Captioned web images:
----------
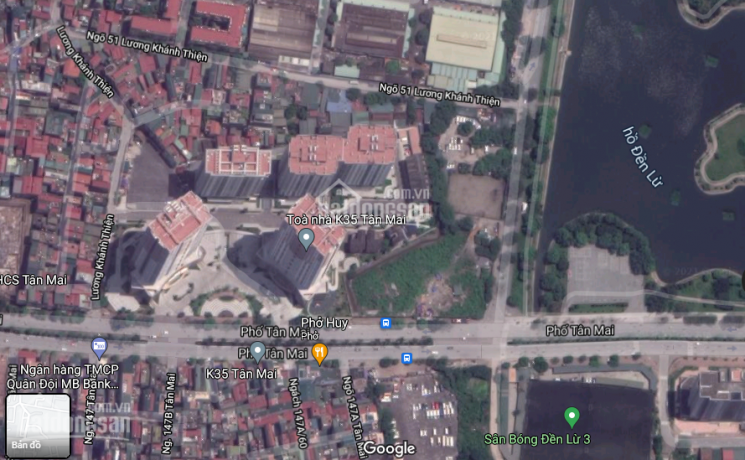Bán nhà riêng 5 tầng, lô góc mặt đường Lương Khánh Thiện, Hoàng Mai - full nội thất cao cấp
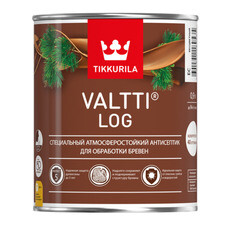 Антисептик Tikkurila Valtti Log декоративный для дерева палисандр 2,7 л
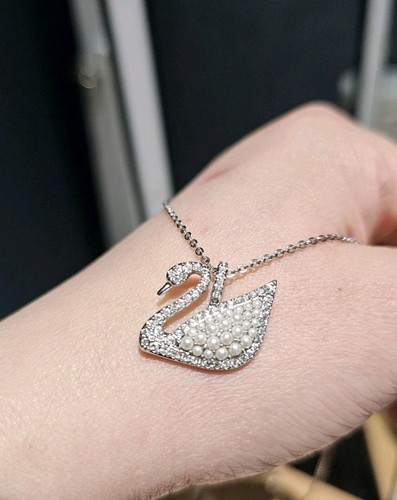 Swarovski necklace iconic big - swarovski,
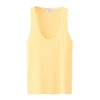 MANGO Top ASAD rumena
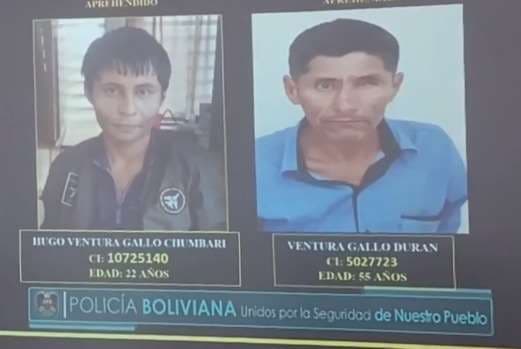 Determinan detención preventiva para padre e hijo por el homicidio de una mujer en Yacuiba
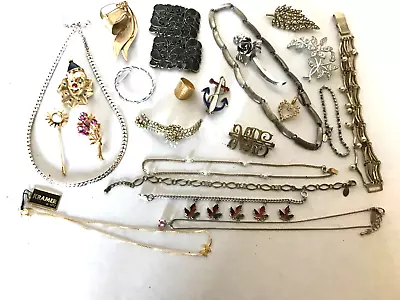 Lot Signed Jewelry Emmons Musi Park Lane Napier Kramer Napier HAR Etc. • $35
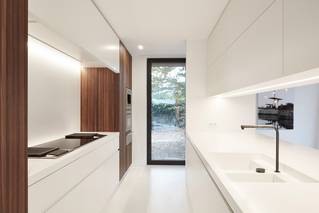 Liquidfloors Mellow pu gietvloer in architectenwoing Knokke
----------
What is required:
Repeat the records in full, exactly as they appear, but with the pictures removed.

Task response:
Bán nhà riêng 5 tầng, lô góc mặt đường Lương Khánh Thiện, Hoàng Mai - full nội thất cao cấp
 Антисептик Tikkurila Valtti Log декоративный для дерева палисандр 2,7 л
 Swarovski necklace iconic big - swarovski,
 MANGO Top ASAD rumena
 Determinan detención preventiva para padre e hijo por el homicidio de una mujer en Yacuiba
 Lot Signed Jewelry Emmons Musi Park Lane Napier Kramer Napier HAR Etc. • $35
 Liquidfloors Mellow pu gietvloer in architectenwoing Knokke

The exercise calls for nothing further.